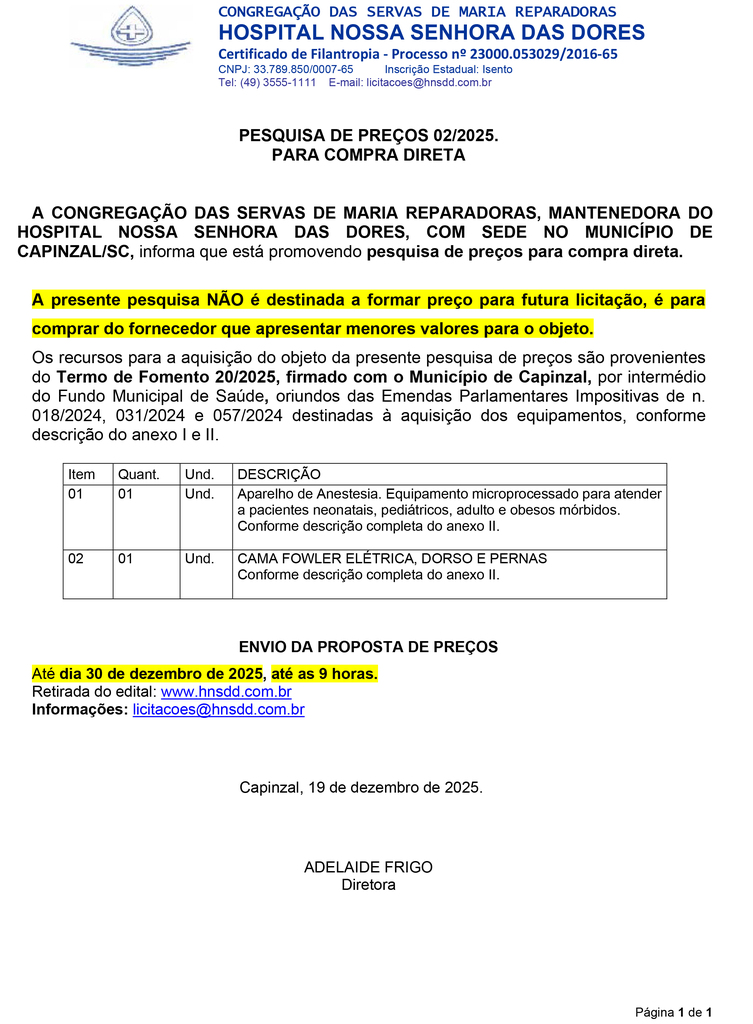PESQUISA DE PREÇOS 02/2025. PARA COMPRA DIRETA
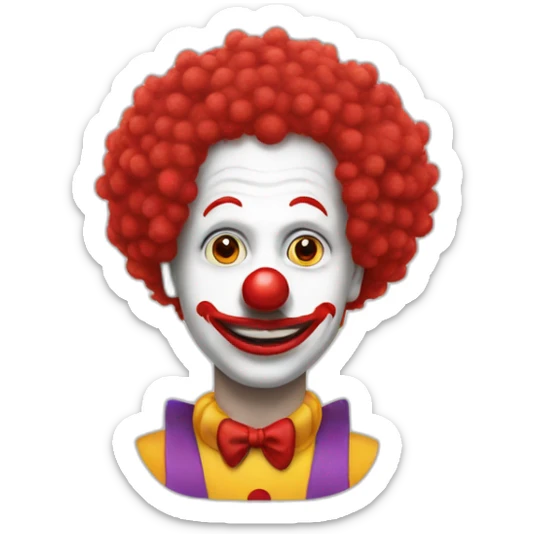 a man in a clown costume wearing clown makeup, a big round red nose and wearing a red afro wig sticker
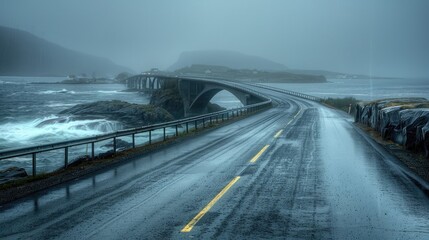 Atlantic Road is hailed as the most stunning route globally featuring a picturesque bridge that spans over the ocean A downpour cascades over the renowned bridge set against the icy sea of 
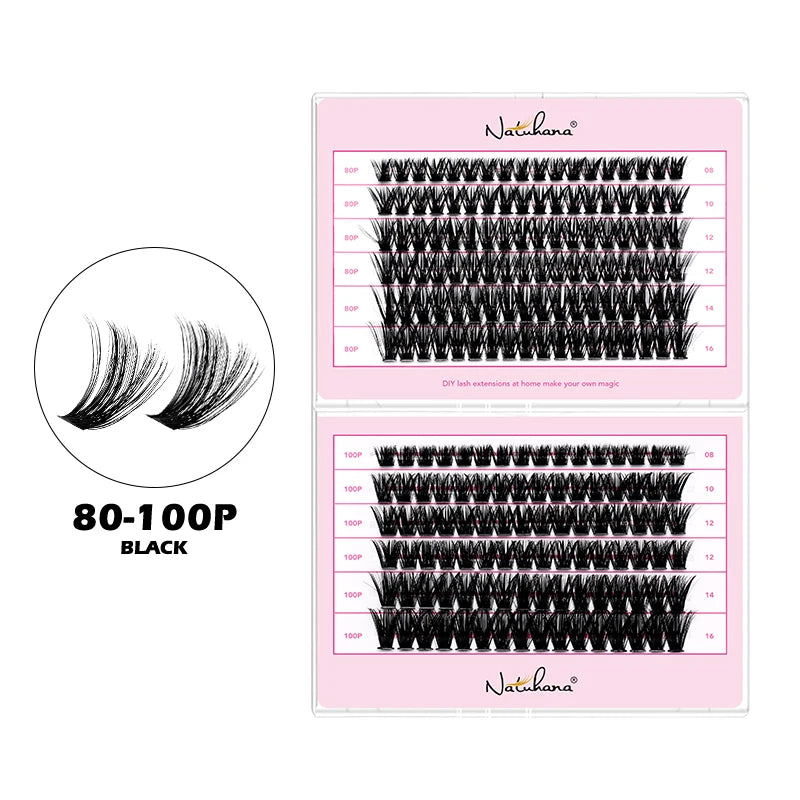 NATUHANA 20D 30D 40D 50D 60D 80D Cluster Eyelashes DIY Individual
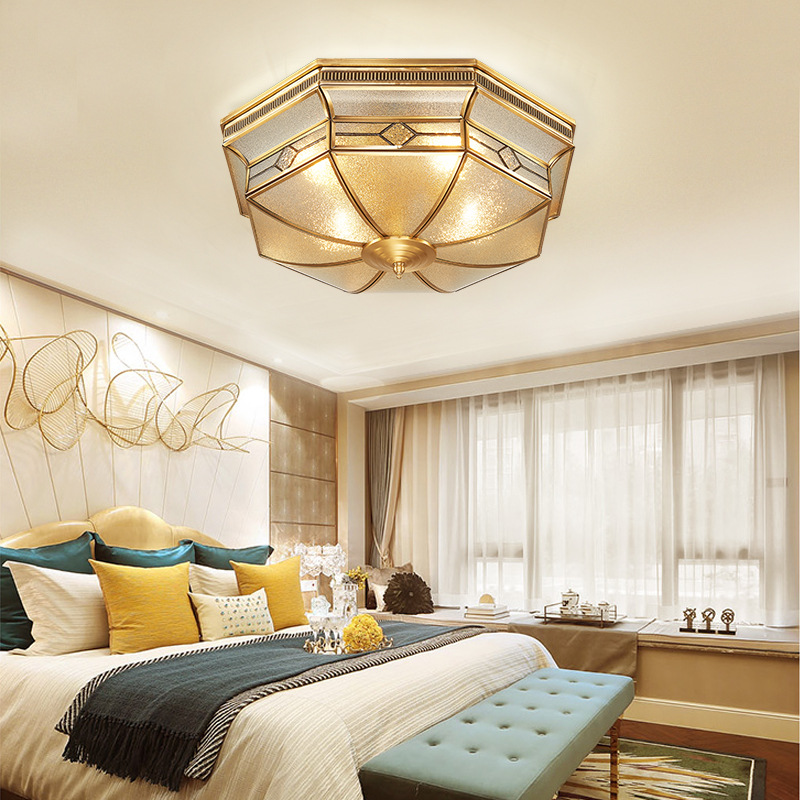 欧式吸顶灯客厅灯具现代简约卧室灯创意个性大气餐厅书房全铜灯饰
---
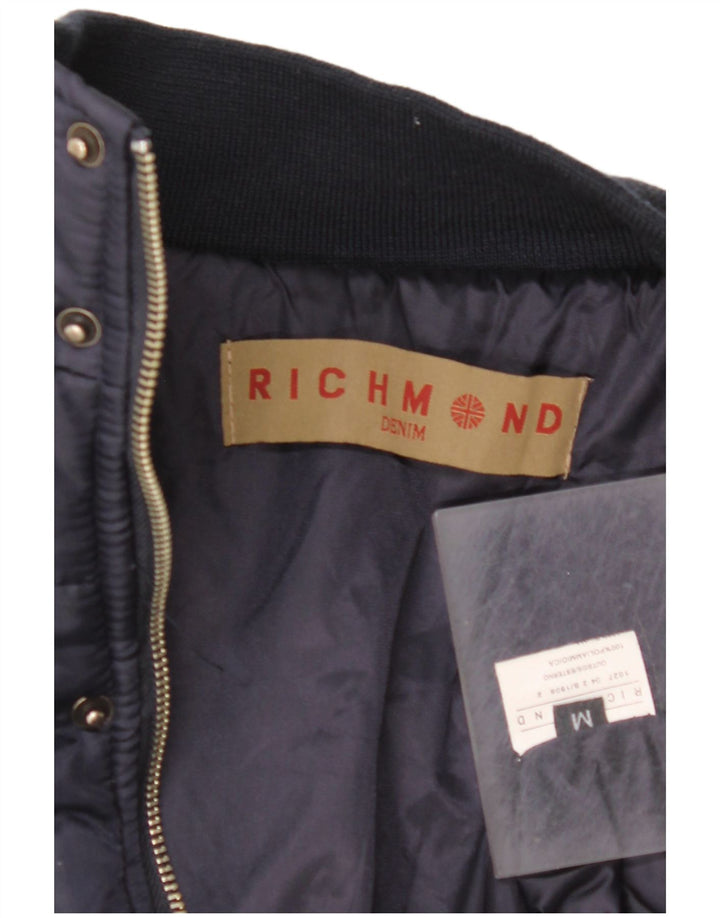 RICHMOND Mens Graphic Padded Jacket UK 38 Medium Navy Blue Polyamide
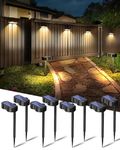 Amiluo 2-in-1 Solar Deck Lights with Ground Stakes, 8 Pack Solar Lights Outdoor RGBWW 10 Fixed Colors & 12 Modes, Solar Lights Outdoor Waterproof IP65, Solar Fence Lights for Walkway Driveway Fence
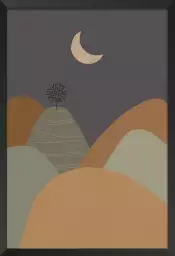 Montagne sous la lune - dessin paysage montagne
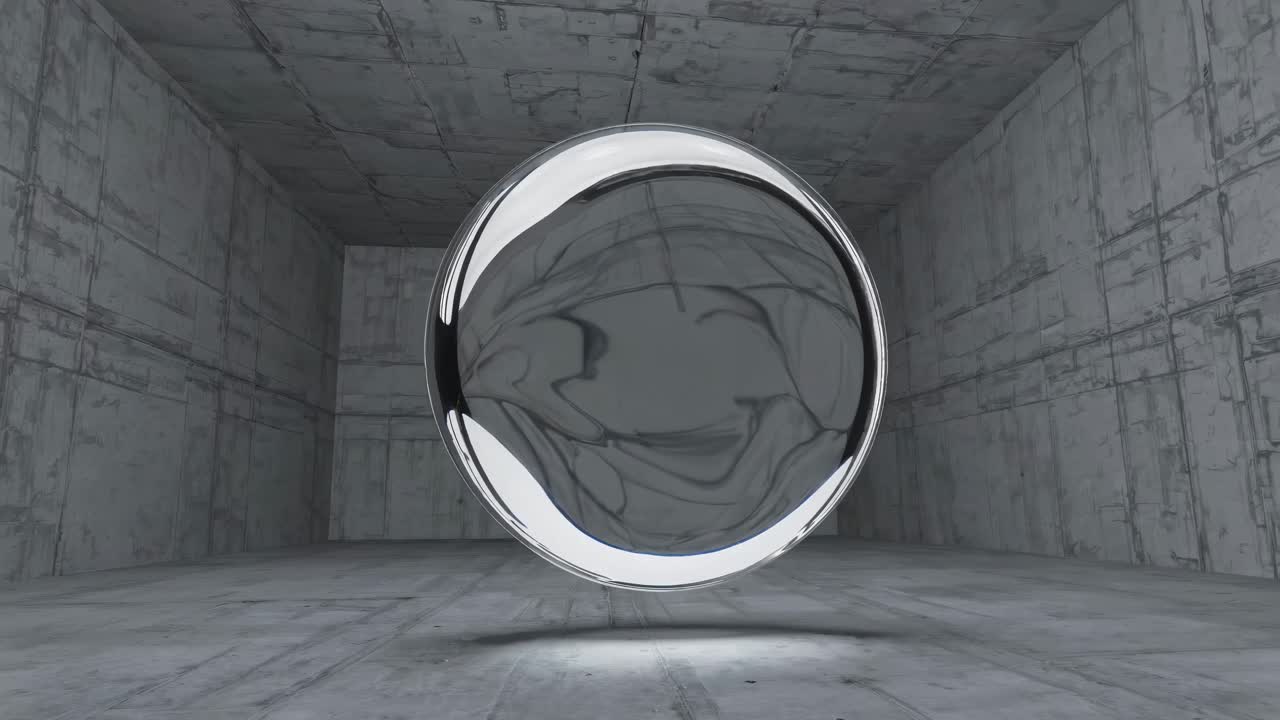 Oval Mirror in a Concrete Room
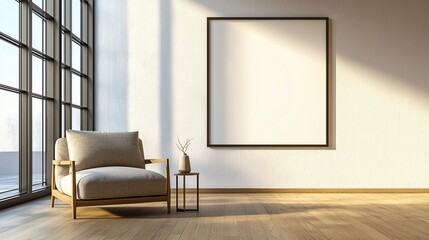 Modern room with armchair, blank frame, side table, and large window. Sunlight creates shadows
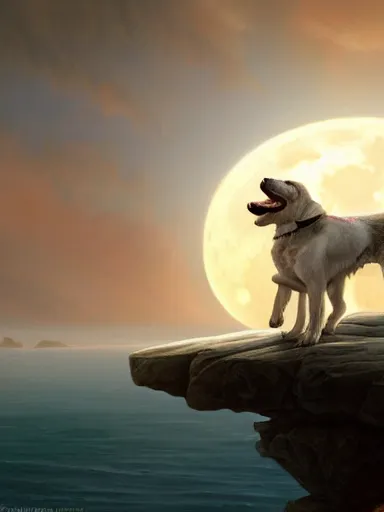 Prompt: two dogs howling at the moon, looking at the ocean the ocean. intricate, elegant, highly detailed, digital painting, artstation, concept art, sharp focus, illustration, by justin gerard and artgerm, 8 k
--
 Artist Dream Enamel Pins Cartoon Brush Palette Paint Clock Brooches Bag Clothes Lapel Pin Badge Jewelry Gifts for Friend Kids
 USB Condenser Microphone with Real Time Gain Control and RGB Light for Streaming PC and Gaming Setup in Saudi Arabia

WHAT IS BEING ASKED: Within the listing above, copy exactly the lines that start at the one with "a man in a clown" and continue through the one with "欧式吸顶灯客厅灯具现代简约卧室灯创意个性大气餐厅书房全铜灯饰". Omit pictures.

SOLUTION:
 a man in a clown costume wearing clown makeup, a big round red nose and wearing a red afro wig sticker
 Atlantic Road is hailed as the most stunning route globally featuring a picturesque bridge that spans over the ocean A downpour cascades over the renowned bridge set against the icy sea of 
 NATUHANA 20D 30D 40D 50D 60D 80D Cluster Eyelashes DIY Individual
 欧式吸顶灯客厅灯具现代简约卧室灯创意个性大气餐厅书房全铜灯饰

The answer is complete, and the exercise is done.